Visiting a cemetery is probably not a fun plan, nor does it seem the most comfortable setting in which to impart a literature class. Nevertheless, the innovator Martin Restrepo believes that the São Paulo cemetery (Brazil) can become an interactive classroom where even the less diligent students acquire knowledge and develop their skills.
How can this be accomplished? The key resides in this young engineer´s specialty: the design and use of mobile technologies, hardware and software, which will become an extension of the senses of students and teachers. Armed with tablets and smartphones, children visit the cemetery of São Paulo and participate in one of the activities integrated with the MEL (Mobile Education Lab) platform created by Editacuja, company in which Restrepo is the cofounder and the director of educational technology.
For several hours, these kids are guided by their devices through a circuit filled with clues, following the instructions of a game created by mapping and GPS technologies.

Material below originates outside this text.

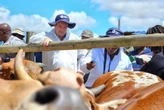 The Free State Dept. of Agriculture confirms 17 new cases of FMD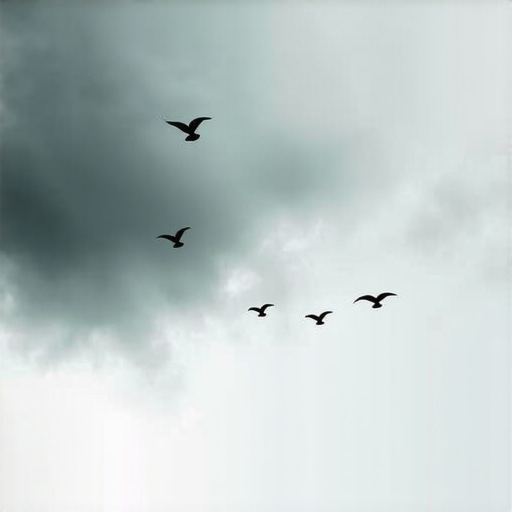 Supersticiones de clima: ¿Qué significa cuando las aves vuelan bajo?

On the tour of their new “classroom” they identify tombstones by using image recognition applications, and they discover poets that were buried there through improved reality systems.
Such activities are just one example of the capacity of technology to challenge the constraints of binding educational content to the classroom. Aware that this potential is still underutilized, Restrepo, through Editacuja, is proving that education can be transformed top to bottom by using tools that allow students and teachers themselves to create new formulas and new media content.